▶ Assignment
From the line containing "裸石尖晶石1.09克拉超级绝地" to the end of the records, print every line exactly, both ends included, and leave out the pictures.

▶ Data for processing
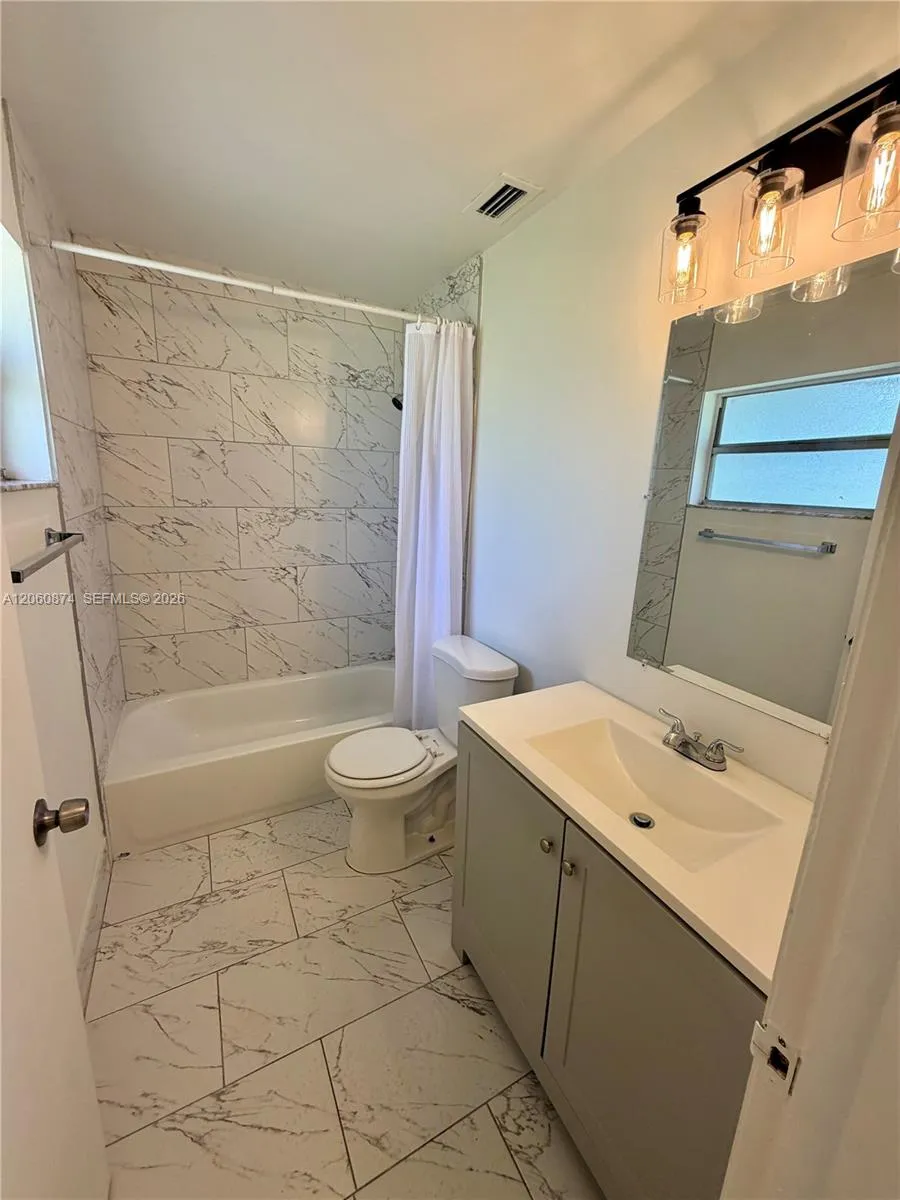 4073 SW 52nd St #s Dania Beach, FL 33314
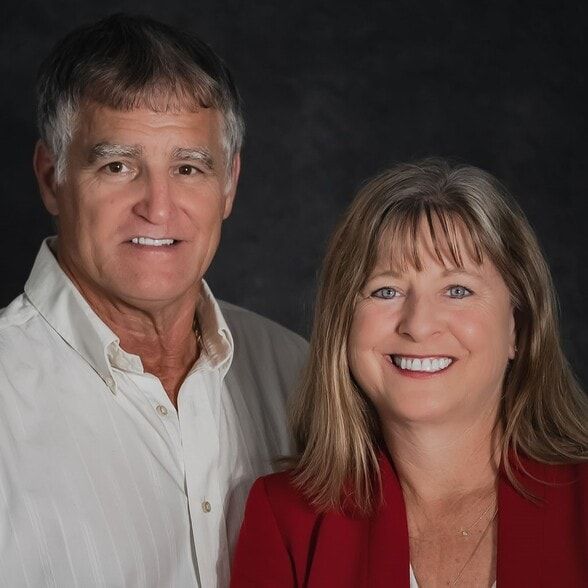 Land Listing Agent Photo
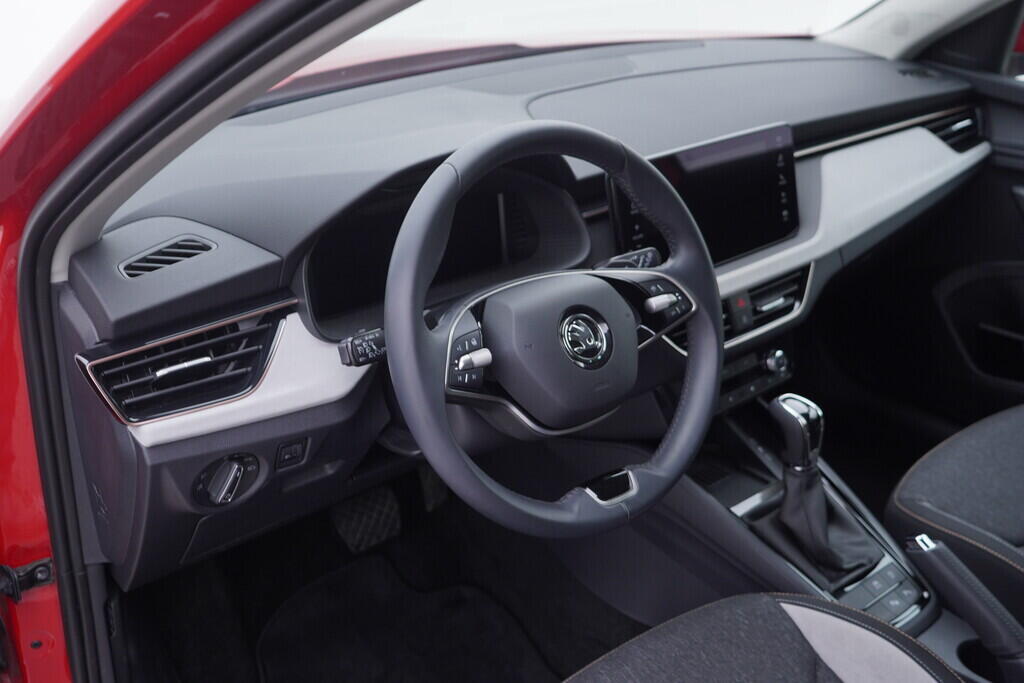 OV190V10499_21.webp_KAMIQ Top Selection 1.0 TSI 85 kW automat, DPH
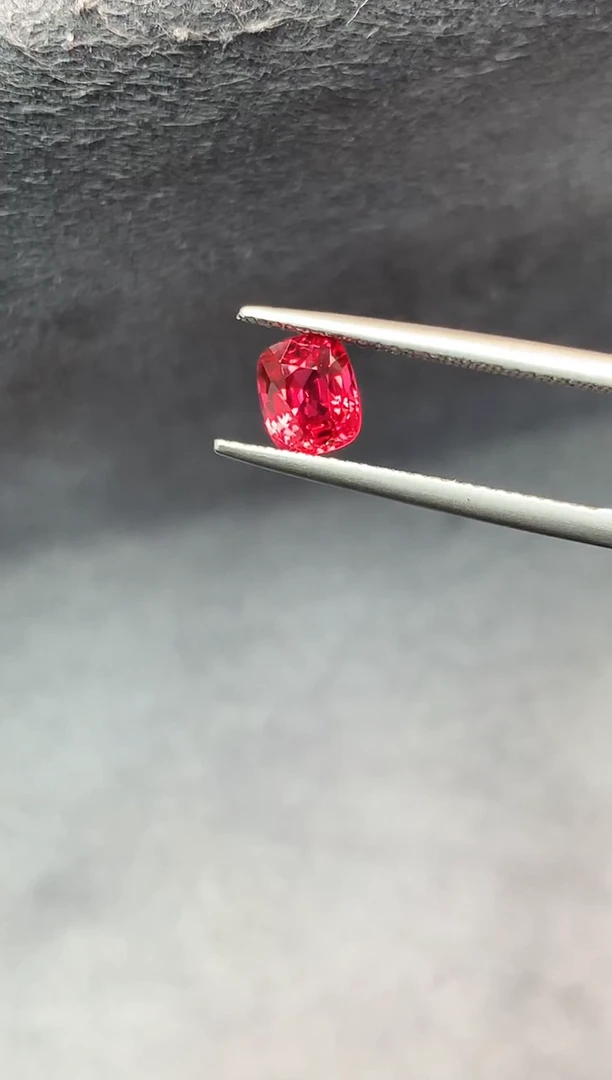 裸石尖晶石1.09克拉超级绝地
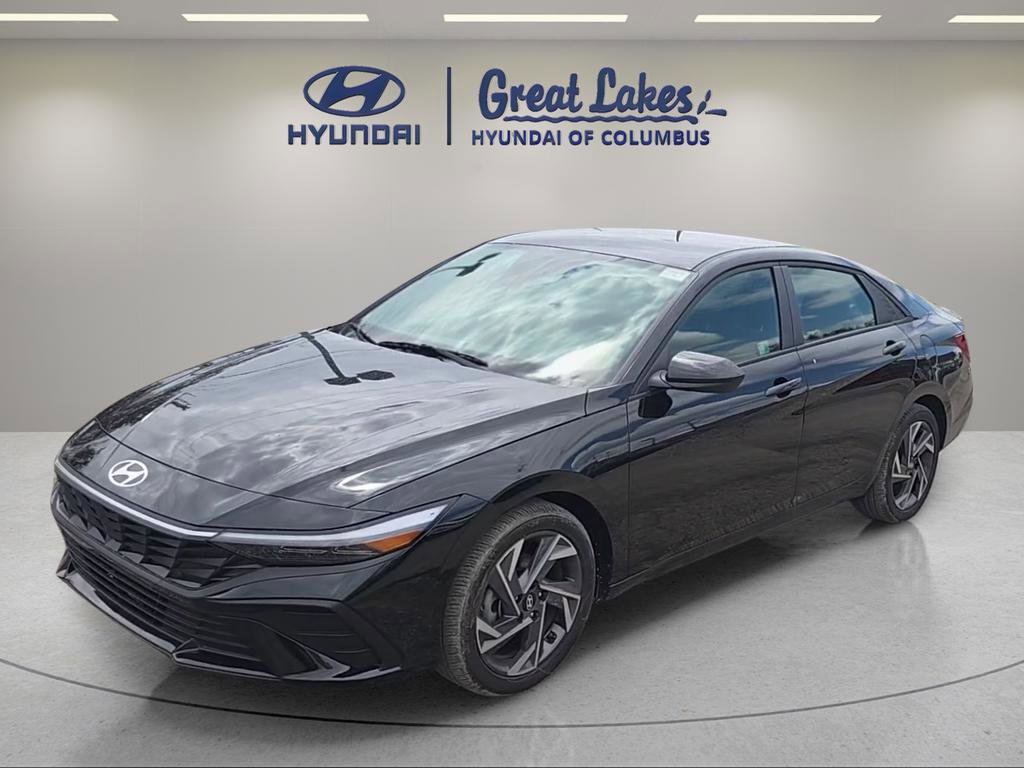 Certified 2025 Hyundai Elantra Sport FWD image 1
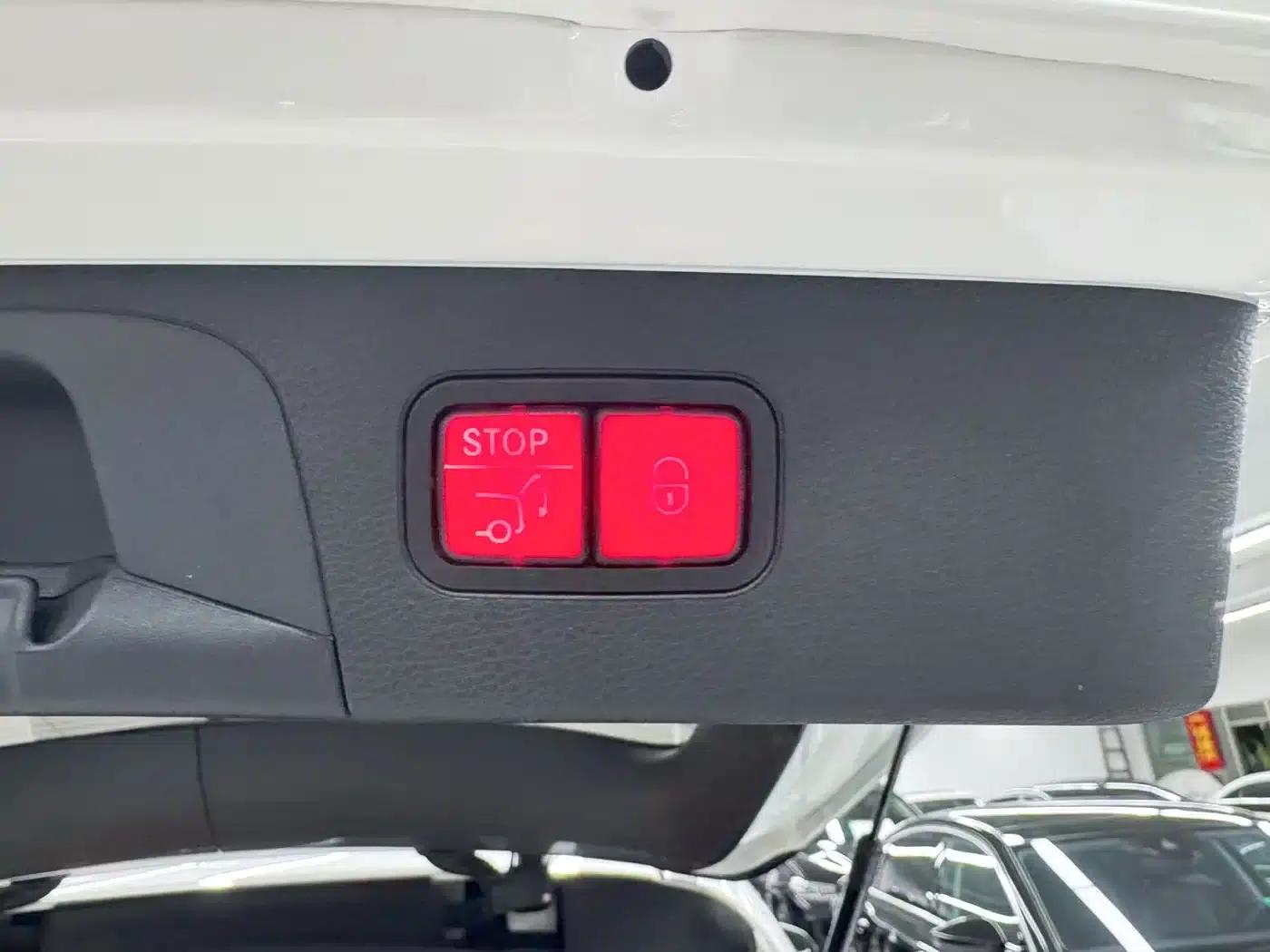 2021 Mercedes-Benz GLC 300 L 4MATIC Dynamic — миниатюра 21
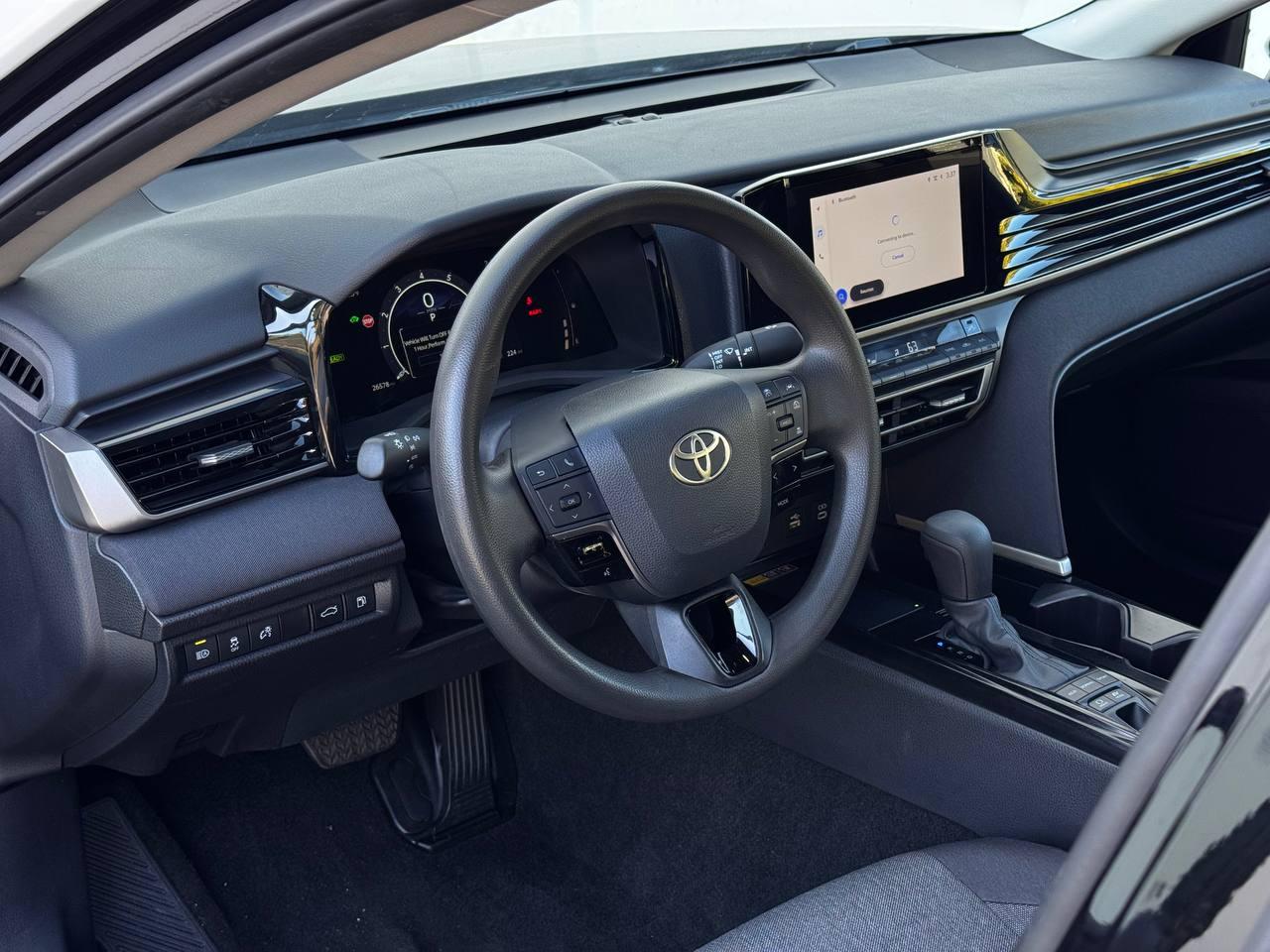 Toyota Camry Hybrid LE 2025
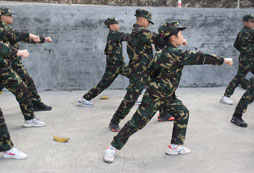 浙江軍事冬令營(yíng)培養(yǎng)孩子心理素質(zhì)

▶ Response to this task
 裸石尖晶石1.09克拉超级绝地
 Certified 2025 Hyundai Elantra Sport FWD image 1
 2021 Mercedes-Benz GLC 300 L 4MATIC Dynamic — миниатюра 21
 Toyota Camry Hybrid LE 2025
 浙江軍事冬令營(yíng)培養(yǎng)孩子心理素質(zhì)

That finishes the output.